A mother throws a crowdfunding to be able to have a normal delivery

A few weeks ago I published a post refuting the words of a gynecologist who criticized the option of giving birth at home defending her role as a traditional hospital professional; the one we all know, the one in which the woman arrives to give birth and professionals take care of everything.

Weeks later I published another post confirming that many women suffer in the hospital a delectable treatment which makes childbirth, which should be one of the most precious moments of their lives, end up being a bad memory, and many have many doubts and fears in case of a new pregnancy.

Something similar happened to the mother we talked about today, which has launched a crowdfunding to be able to have a normal delivery.

La Marietta and her desire to give birth at home

His name is Mary and it is known in the networks as La Marietta, which is her name as an illustrator currently unemployed, and yesterday she published in the blog More than half an entry in which she explained her desire and her reasons.

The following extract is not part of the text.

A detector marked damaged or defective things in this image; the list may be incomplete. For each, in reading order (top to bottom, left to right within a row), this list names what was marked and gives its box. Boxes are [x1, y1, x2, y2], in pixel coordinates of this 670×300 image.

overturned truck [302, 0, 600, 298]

After a delivery that was not what he expected, pregnant with his second baby, he has decided that he does not want to play it again in a hospital, because of the risk that, once again, he will not have a normal delivery.

That is why he has chosen to give birth at home. Something that many think is foolish, but that She is not afraid because she considers it normal:

I know that many people consider it crazy. But for me it is normal. I am a normal woman, with a normal life: currently unemployed, with a child of more than two years, and another on the way.

A 'non-normal' first birth

His first birth was, in theory, a normal birth. It was going to be because she did what was considered normal: go to a hospital to give birth. However, there he came face to face with a reality he did not expect. I wanted to have a natural birth, one not intervened, one in which she was the one who did everything. But it was not like that.

It was not so because the professionals decided to perform continuous monitoring that prevented him from moving, that he could change his posture, that he had some privacy, that he could eat to have strength, bathe to relax, ...

The studies say, the evidence, that Continuous monitoring does not bring benefits in the short or long term, and that by preventing freedom increases the probability of cesarean section and instrumentalized vaginal delivery.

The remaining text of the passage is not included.